Monday, August 22nd 2022, 11:13 am - Nuclear fusion promises safe, carbon-free energy in endless quantities, but technological challenges reaching exceptional temperatures have hindered the commercialization of this technology.

TAE Technologies is a nuclear fusion startup that was founded in California in 1998. The company is now a team of 400 people and recently raised $1.2 billion USD with hefty contributions from influential companies such as Google, Chevron, and Reimagined Ventures.

As the funding pours in, the company states they are “on the cusp of delivering this transformational energy source capable of sustaining the planet for thousands of years.”

An internal view of Norman, the company’s current fusion reactor machine. (TAE Technologies) An internal view of Norman, the company’s current fusion reactor machine. (TAE Technologies)

“If you're thinking of nature's preferred way of making power, it's fusion,” Michl Binderbauer, co-founder and CEO of TAE Technologies, said to The Weather Network. The cost-effectiveness and safety of the technology are what make Binderbauer confident in calling nuclear fusion “a forever solution for clean, carbon-free energy.”

But, what exactly is nuclear fusion?

Nuclear fusion is what keeps the Sun and all other stars shining in the sky.
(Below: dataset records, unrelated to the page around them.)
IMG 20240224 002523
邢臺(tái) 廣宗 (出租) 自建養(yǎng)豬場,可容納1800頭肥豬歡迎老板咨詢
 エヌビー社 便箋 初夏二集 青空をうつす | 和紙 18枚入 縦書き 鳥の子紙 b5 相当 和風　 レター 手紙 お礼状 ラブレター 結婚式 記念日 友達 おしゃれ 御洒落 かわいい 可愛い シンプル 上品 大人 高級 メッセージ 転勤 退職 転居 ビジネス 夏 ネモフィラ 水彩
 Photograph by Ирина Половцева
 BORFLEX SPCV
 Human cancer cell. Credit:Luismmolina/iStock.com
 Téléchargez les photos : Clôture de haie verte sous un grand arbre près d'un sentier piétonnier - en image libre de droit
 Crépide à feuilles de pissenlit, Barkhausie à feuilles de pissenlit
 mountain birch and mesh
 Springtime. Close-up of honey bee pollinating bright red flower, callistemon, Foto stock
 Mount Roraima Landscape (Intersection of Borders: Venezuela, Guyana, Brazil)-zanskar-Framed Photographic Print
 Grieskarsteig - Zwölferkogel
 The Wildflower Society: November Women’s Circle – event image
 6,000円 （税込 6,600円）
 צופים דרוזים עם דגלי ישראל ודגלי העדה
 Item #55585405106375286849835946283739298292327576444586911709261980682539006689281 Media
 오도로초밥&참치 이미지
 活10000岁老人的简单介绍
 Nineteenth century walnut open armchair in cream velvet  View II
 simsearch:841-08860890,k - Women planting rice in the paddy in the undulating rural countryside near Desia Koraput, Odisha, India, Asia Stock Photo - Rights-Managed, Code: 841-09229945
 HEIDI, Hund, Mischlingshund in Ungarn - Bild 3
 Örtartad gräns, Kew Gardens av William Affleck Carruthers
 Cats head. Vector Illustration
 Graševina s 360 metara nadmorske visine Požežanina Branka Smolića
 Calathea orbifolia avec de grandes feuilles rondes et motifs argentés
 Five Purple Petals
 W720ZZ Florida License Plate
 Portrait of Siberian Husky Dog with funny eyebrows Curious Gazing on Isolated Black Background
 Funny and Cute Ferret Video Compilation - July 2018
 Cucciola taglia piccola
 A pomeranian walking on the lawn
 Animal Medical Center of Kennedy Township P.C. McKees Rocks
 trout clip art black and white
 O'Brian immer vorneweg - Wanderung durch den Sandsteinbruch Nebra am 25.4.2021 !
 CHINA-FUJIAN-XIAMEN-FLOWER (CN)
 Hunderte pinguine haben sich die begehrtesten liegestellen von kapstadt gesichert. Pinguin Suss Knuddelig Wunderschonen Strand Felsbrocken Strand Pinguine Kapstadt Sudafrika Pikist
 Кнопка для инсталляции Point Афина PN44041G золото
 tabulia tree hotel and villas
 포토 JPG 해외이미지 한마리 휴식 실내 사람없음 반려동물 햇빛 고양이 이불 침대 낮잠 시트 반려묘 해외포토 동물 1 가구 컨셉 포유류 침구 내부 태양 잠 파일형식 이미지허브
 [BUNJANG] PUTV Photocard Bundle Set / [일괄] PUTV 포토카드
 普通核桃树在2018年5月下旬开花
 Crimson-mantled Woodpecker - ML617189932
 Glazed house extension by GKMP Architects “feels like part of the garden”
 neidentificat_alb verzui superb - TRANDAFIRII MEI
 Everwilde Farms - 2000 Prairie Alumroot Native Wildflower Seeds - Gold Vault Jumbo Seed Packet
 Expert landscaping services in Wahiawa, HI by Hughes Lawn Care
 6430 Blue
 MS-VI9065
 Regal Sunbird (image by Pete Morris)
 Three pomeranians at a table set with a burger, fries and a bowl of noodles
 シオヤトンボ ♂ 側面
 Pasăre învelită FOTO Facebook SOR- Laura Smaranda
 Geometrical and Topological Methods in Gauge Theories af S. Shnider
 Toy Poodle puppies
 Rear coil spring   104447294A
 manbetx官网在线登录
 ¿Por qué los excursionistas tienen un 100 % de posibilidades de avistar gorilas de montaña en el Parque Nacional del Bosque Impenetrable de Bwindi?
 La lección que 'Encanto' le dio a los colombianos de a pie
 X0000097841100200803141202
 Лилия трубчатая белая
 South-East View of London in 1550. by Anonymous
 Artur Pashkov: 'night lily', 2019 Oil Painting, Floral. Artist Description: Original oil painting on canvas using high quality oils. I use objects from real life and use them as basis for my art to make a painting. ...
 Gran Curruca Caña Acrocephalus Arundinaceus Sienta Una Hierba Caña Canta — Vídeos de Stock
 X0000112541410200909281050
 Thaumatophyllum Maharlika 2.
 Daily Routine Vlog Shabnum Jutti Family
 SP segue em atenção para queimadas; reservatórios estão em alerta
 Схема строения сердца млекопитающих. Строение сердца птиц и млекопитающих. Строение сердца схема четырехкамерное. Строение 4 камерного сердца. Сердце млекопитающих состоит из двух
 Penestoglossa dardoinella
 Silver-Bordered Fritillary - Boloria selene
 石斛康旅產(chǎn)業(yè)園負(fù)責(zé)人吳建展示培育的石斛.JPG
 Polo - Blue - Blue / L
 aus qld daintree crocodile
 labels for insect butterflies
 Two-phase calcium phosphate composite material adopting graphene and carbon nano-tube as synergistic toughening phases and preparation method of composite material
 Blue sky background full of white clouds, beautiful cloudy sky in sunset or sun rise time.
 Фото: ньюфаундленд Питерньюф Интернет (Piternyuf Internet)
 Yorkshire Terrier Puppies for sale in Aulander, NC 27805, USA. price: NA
The Sun is a glowing ball of mainly hydrogen and plasma, which creates energy when the hydrogen atoms crash into each other and release energetic light and helium as a byproduct.

To replicate this process down here on Earth, TAE Technologies heats a hydrogen-boron fuel until it turns into a plasma state on each end of the company’s fusion reactor machine. The particles are positively charged and naturally want to repel each other, so exceptionally high temperatures and powerful magnets are used to slam the plasma together and hold them in place so the fusion process can begin.

Plasma generated in the company’s fusion reactor machine. (TAE Technologies) Plasma generated in the company’s fusion reactor machine. (TAE Technologies)

A network of pipes carries fluid through the machine so it can pick up heat from the energetic light that is released by the plasma. The fluid arrives at a steam generator, which results in steam forming and spinning a turbine to generate electricity.

Unlike traditional energy sources that release methane and carbon dioxide, the only byproduct of this nuclear fusion process is helium which is captured and can be used in other industrial applications.

Norman and a full view of the facility. (TAE Technologies) Norman and a full view of the facility located in Foothill Ranch, California. (TAE Technologies)

Nuclear fusion differs from what most of us think when we hear about nuclear energy, which is a fission process where an atom’s nucleus is split apart to release energy.

Both fission and fusion occur at the nuclear level, but one key difference is the split atoms result in radioactive products that are dangerous to human health and the environment. Zero radioactive waste is produced during the fusion process.

“Hydrogen-boron fusion has zero radioactive components to it. Other than ‘nuclear’ in the taxonomy, it's a completely different set of characteristics,” explained Binderbauer.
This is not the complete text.